Crypto and stablecoins bypass that. If Zimbabweans move “significant volumes” monthly through informal USDT/USDC channels, that’s value flowing outside RBZ-controlled rails. The central bank loses visibility, fees, and part of its ability to manage liquidity.

That’s why S.I. 99 regulates the on/off ramps, not the coins themselves. The state doesn’t need to ban crypto to protect seigniorage. It just needs to control the points where crypto touches the formal system.

*Banktech gets caught in the middle*  
Banks in Zimbabwe have stayed out since the 2018 circular debanked Golix. Their risk calculation is simple: serve crypto firms, risk RBZ censure and correspondent banking issues. Don’t serve them, lose fee income and deposits to fintechs and informal desks.

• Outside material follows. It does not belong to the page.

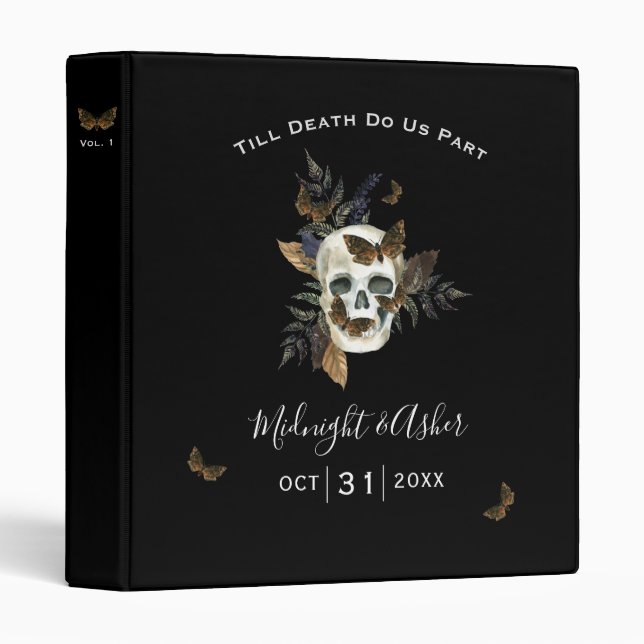 Skull Till Death Do Us Part Wedding Album 3 Ring Binder (Front/Spine)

S.I. 99 doesn’t change that math yet. A registered VASP still can’t bank until the RBZ issues new guidance. So banktech firms are left with two options:

1. Build rails for registered VASPs and wait for policy to shift, or  
2. Compete with crypto by making mobile money and USD rails cheaper and faster.

Right now, option 2 is winning. But it only works if banktech can match the speed and cost of stablecoin P2P.

*Why the conflict matters for regtech*  
Regtech firms selling to both sides end up mediating this conflict.

For banks, regtech means fraud monitoring, sanctions screening, and data to prove to the RBZ that crypto exposure is manageable.  
For crypto firms, regtech means KYC, travel rule compliance, and audit trails to prove they’re not a threat to the financial system.

The product is the same. The buyer’s incentive is opposite. Banks want to keep crypto out. Crypto firms want to get in.

*What happens next depends on who controls settlement*  
If the RBZ opens banking for registered VASPs, banktech wins back settlement and seigniorage flows back through formal rails. Crypto becomes a settlement layer, not a parallel system.

If banking stays closed, crypto firms double down on stablecoin settlement and cash agents. Banktech loses transaction volume and data. The informal market stays dominant, and the RBZ loses monetary policy effectiveness.

Zimbabwe isn’t unique here. Nigeria, Kenya, and Egypt have all had the same standoff. The countries that resolve it fastest are the ones where banktech and crypto firms are forced to build shared compliance infrastructure instead of fighting over rails.

*Implication for founders*  
Stop picking sides. The opportunity is in the compliance layer that works whether settlement runs through banks or stablecoins. Identity verification, fraud detection, transaction monitoring, and audit trails are needed in both worlds.

S.I. 99 just made that layer mandatory. Whoever owns it owns the relationship with both banktech and crypto firms. And that’s where the real seigniorage of data and fees moves to.